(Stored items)
╔══
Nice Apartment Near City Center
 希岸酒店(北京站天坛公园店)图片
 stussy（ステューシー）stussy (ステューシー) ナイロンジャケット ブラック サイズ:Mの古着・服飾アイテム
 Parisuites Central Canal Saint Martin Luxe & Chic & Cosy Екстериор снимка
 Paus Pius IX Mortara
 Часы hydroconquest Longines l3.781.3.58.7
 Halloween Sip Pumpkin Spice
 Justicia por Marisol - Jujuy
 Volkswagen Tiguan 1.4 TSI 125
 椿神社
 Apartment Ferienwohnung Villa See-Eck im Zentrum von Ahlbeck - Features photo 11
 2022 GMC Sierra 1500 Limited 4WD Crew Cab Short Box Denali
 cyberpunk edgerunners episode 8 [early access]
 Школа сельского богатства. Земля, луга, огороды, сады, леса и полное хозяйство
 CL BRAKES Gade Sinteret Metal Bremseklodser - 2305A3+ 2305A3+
╚══
→ **Exercise description**: Write every record above out again exactly as it stands.

→ **Answer to this task**:
Nice Apartment Near City Center
 希岸酒店(北京站天坛公园店)图片
 stussy（ステューシー）stussy (ステューシー) ナイロンジャケット ブラック サイズ:Mの古着・服飾アイテム
 Parisuites Central Canal Saint Martin Luxe & Chic & Cosy Екстериор снимка
 Paus Pius IX Mortara
 Часы hydroconquest Longines l3.781.3.58.7
 Halloween Sip Pumpkin Spice
 Justicia por Marisol - Jujuy
 Volkswagen Tiguan 1.4 TSI 125
 椿神社
 Apartment Ferienwohnung Villa See-Eck im Zentrum von Ahlbeck - Features photo 11
 2022 GMC Sierra 1500 Limited 4WD Crew Cab Short Box Denali
 cyberpunk edgerunners episode 8 [early access]
 Школа сельского богатства. Земля, луга, огороды, сады, леса и полное хозяйство
 CL BRAKES Gade Sinteret Metal Bremseklodser - 2305A3+ 2305A3+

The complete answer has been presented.